**Directions:** Return exactly those lines of the material below that fall between the line holding "Artklim Royal Black" and the line holding "Горшок для запекания", inclusive.
+++ Supplied information +++
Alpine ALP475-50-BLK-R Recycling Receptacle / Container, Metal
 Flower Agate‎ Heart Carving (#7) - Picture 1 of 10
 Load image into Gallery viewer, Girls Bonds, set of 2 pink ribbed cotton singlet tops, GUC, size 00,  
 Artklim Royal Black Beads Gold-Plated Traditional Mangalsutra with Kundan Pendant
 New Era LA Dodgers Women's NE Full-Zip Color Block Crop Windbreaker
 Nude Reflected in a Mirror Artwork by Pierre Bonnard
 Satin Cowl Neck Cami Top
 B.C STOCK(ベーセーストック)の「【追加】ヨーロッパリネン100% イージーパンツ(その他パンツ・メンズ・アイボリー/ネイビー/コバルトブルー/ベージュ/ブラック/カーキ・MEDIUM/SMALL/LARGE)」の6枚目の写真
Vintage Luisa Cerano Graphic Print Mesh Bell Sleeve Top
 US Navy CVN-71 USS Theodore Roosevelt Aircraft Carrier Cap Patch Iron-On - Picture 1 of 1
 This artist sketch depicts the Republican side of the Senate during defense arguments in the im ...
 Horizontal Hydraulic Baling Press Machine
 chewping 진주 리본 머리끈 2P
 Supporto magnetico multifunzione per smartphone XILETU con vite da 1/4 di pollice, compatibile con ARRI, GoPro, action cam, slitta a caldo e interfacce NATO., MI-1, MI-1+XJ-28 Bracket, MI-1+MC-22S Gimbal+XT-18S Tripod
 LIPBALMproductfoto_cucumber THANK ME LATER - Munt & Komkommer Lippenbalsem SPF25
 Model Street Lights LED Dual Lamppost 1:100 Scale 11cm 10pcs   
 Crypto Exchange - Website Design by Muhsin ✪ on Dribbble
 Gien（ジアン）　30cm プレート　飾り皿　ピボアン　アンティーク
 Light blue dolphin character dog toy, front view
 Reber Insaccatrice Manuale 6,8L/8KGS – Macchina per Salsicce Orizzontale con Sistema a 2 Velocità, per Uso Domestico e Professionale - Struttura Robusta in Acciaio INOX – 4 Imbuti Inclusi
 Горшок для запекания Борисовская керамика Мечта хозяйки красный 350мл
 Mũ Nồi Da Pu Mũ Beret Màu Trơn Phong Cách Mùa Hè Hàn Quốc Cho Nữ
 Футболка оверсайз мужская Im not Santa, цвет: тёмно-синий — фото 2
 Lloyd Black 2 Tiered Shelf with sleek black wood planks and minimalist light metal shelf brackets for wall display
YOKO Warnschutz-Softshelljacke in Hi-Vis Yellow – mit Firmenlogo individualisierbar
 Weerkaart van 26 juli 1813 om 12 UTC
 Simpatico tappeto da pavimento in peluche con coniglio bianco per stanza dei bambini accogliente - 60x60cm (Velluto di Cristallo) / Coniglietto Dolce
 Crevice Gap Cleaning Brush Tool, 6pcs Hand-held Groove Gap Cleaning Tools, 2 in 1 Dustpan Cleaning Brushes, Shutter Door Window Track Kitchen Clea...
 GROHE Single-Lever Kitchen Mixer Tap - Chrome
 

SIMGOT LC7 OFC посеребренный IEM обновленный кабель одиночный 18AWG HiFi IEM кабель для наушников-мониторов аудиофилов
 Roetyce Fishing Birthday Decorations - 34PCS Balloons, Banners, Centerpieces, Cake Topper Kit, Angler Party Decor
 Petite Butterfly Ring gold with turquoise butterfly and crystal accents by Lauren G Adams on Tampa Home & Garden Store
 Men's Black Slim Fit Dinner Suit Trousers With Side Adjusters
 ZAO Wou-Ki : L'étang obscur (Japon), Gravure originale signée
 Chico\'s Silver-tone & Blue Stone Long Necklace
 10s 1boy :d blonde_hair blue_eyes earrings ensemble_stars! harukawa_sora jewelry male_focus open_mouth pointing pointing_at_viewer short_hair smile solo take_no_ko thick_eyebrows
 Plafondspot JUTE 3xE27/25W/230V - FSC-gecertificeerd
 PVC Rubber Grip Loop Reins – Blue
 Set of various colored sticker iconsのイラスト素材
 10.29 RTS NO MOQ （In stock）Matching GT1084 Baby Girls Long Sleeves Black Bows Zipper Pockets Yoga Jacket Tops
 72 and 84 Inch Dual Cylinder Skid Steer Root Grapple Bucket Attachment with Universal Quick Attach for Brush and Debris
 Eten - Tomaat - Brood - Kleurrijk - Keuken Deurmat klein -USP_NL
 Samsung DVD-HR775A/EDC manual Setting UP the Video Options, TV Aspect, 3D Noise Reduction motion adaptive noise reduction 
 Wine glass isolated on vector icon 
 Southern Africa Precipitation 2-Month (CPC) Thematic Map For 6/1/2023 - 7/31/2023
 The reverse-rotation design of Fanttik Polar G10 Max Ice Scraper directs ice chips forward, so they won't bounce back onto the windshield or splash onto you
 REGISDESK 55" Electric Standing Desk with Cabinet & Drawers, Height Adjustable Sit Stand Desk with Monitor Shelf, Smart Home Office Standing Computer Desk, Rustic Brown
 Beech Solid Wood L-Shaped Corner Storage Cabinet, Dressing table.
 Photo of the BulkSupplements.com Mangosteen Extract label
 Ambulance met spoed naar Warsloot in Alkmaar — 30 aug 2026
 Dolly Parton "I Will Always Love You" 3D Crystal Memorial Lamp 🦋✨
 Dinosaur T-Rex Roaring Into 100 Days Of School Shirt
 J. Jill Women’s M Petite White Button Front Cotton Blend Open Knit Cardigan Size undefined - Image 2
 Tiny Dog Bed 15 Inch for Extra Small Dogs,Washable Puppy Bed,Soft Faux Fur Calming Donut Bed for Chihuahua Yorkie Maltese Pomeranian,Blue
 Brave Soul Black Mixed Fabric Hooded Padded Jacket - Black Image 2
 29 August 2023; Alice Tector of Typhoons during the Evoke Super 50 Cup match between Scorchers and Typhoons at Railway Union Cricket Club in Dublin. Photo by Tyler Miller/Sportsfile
+++
**Answer space:**
 Artklim Royal Black Beads Gold-Plated Traditional Mangalsutra with Kundan Pendant
 New Era LA Dodgers Women's NE Full-Zip Color Block Crop Windbreaker
 Nude Reflected in a Mirror Artwork by Pierre Bonnard
 Satin Cowl Neck Cami Top
 B.C STOCK(ベーセーストック)の「【追加】ヨーロッパリネン100% イージーパンツ(その他パンツ・メンズ・アイボリー/ネイビー/コバルトブルー/ベージュ/ブラック/カーキ・MEDIUM/SMALL/LARGE)」の6枚目の写真
Vintage Luisa Cerano Graphic Print Mesh Bell Sleeve Top
 US Navy CVN-71 USS Theodore Roosevelt Aircraft Carrier Cap Patch Iron-On - Picture 1 of 1
 This artist sketch depicts the Republican side of the Senate during defense arguments in the im ...
 Horizontal Hydraulic Baling Press Machine
 chewping 진주 리본 머리끈 2P
 Supporto magnetico multifunzione per smartphone XILETU con vite da 1/4 di pollice, compatibile con ARRI, GoPro, action cam, slitta a caldo e interfacce NATO., MI-1, MI-1+XJ-28 Bracket, MI-1+MC-22S Gimbal+XT-18S Tripod
 LIPBALMproductfoto_cucumber THANK ME LATER - Munt & Komkommer Lippenbalsem SPF25
 Model Street Lights LED Dual Lamppost 1:100 Scale 11cm 10pcs   
 Crypto Exchange - Website Design by Muhsin ✪ on Dribbble
 Gien（ジアン）　30cm プレート　飾り皿　ピボアン　アンティーク
 Light blue dolphin character dog toy, front view
 Reber Insaccatrice Manuale 6,8L/8KGS – Macchina per Salsicce Orizzontale con Sistema a 2 Velocità, per Uso Domestico e Professionale - Struttura Robusta in Acciaio INOX – 4 Imbuti Inclusi
 Горшок для запекания Борисовская керамика Мечта хозяйки красный 350мл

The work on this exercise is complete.